Rather than being a passage, it is becoming a platform for manufacturing, re-export, and value-added processing. Initiatives like the Saudi Global Supply Chain Resilience Initiative and the UAE’s continued investment in global port networks signal a deeper understanding of this role.
Tariffs, Fragmentation, and the Return of Industrial Policy
The tariff wave that started in 2018 was a declaration: Economic engagement would now be shaped by leverage, not liberal theory. Tariffs on steel, semiconductors, solar panels, and rare earths were the opening moves. What followed was a surge in industrial subsidies, reshoring incentives, and investment screening, especially in tech and energy-related sectors.
These pressures push multinational firms to rethink where they operate, how they hedge political risk, and where they anchor their supply chains. The Gulf enters this picture not as a workaround but as a jurisdiction capable of hosting strategic sectors — with modern infrastructure, government agility, and access to both developed and emerging markets.
Energy as Leverage, Not Reliance
In a fragmented world, energy security becomes more important, not less. The Gulf’s approach reflects this shift. Instead of chasing headlines with green pledges, countries in the region are strengthening their positions in the global energy matrix: investing in advanced refining, building stakes in critical minerals, and securing bilateral energy deals that tie economic interests to political ones.
The Gulf’s energy strategy is focused on extending reach across the entire spectrum, from LNG and hydrogen to renewables and advanced refining.
Energy today is more than a commodity; it is a channel of alignment, access, and influence. Countries that manage their flow set terms, shape partnerships, and open doors to deeper strategic relationships.

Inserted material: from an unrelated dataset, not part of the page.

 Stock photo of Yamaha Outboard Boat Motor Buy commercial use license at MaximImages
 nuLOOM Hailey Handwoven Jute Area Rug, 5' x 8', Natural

Capital with Direction, Not Distraction
Sovereign wealth funds in the Gulf are directing capital toward sectors that shape the future balance of power, artificial intelligence, defence technology, agri-tech, logistics automation, and biotech. These investments build long-term advantages by strengthening control over supply chains, advancing domestic capability, and increasing strategic relevance in global markets.

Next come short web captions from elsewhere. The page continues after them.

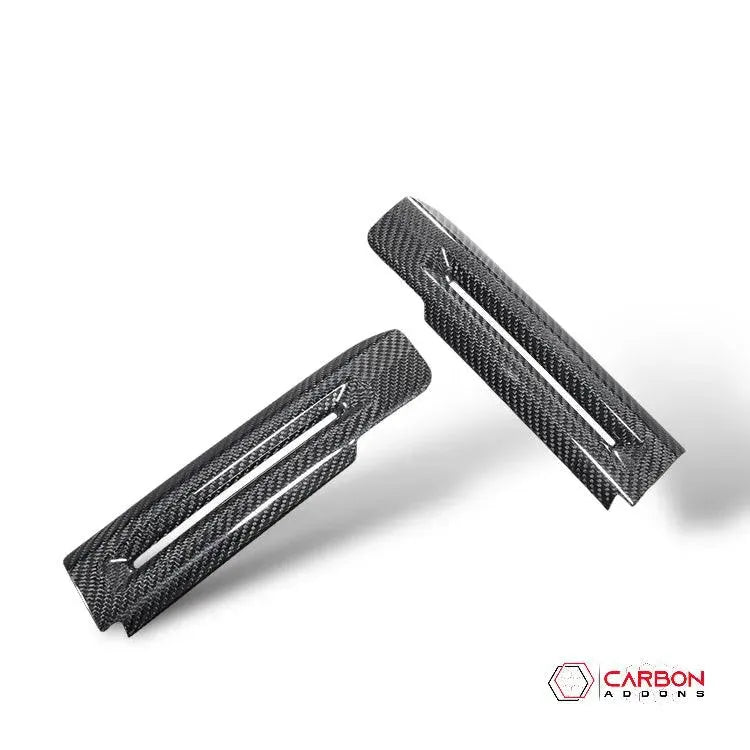 🥇Carbon Fiber Interior Door Handle Accessories Cover Trim For Dodge Challenger - Foto 6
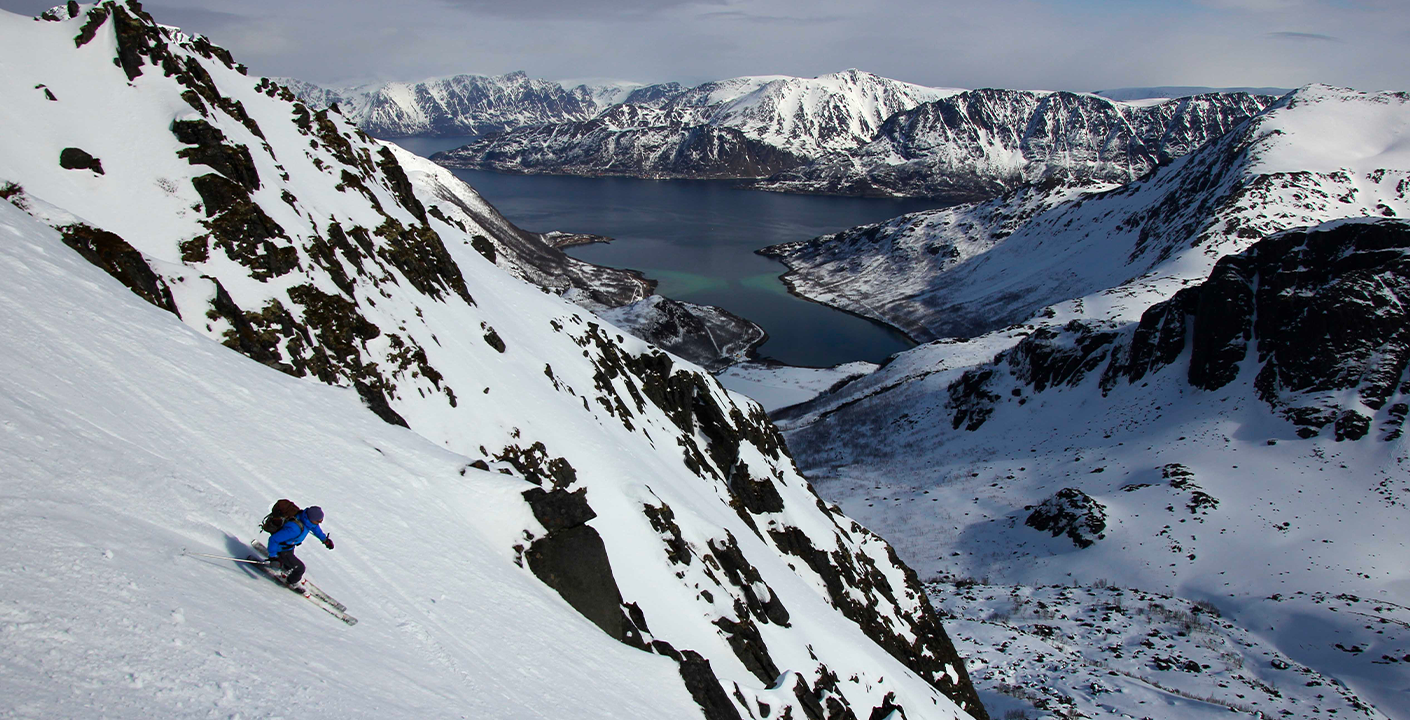Ski de randonnée à Senja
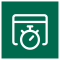 Timer inside calendar icon
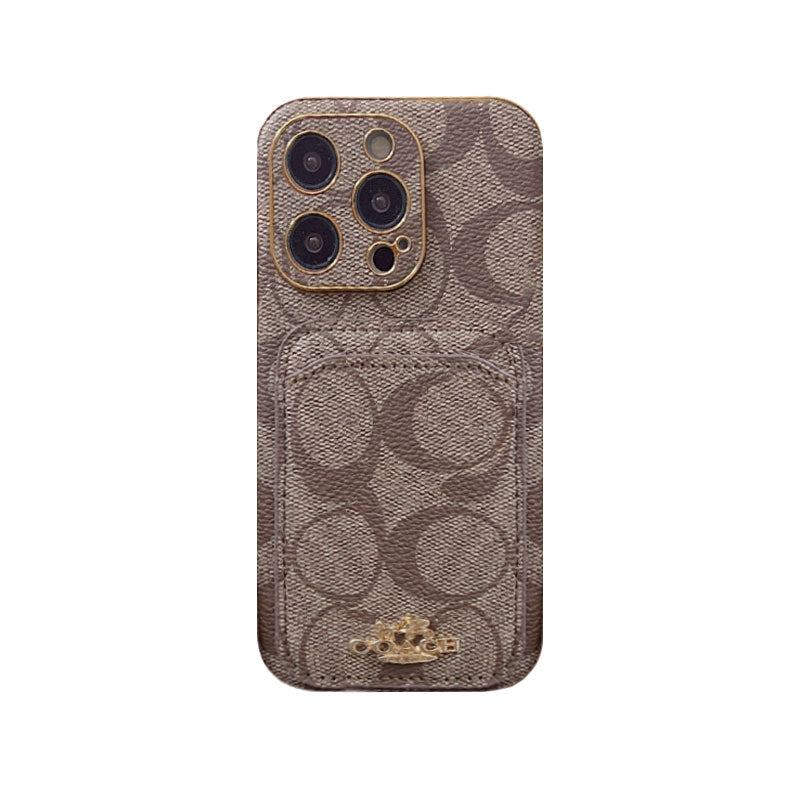 Custodia classica per iPhone con portacarte nera -KB241651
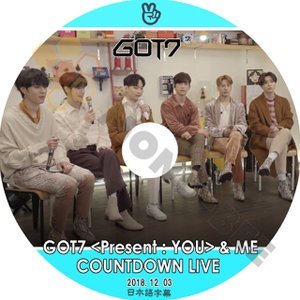 【K-POP DVD】GOT7 ガットセブン V LIVE <Present : YOU>&ME COUNTDOWN LIVE 2018.12.03 (日本語字幕有) - GOT7 ガットセブン 韓国番組収録DVD - mono-bee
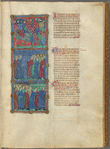 Pharaoh's army following the Israelites; Moses bearing the bones of Joseph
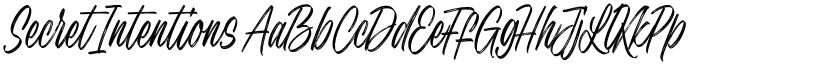 Secret Intentions font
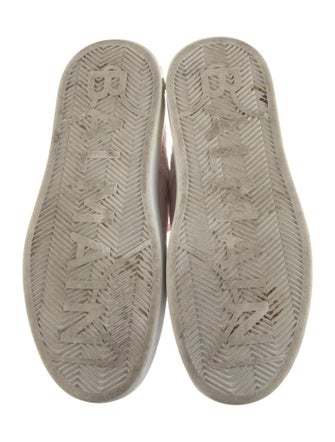 Balmain Grecca Pattern Sneakers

Gulf strategies are centred on alignment with rising power blocs and on securing leadership positions across industries that matter most in the decades ahead. This approach supports resilience, influence, and flexibility in a rapidly evolving global economy.

The Gulf’s Next Chapter Is Being Written Quietly
The Gulf is steadily expanding its infrastructure, deepening partnerships, and strengthening its global position through clear, long-term planning. Every move is grounded in economic discipline, regional ambition, and an accurate reading of global dynamics.
For investors, multinational companies, and policymakers, the region offers a clear path to strategic engagement, not as an alternative, but as a key component of the global economic landscape.
The question now is: Can anyone afford to overlook it?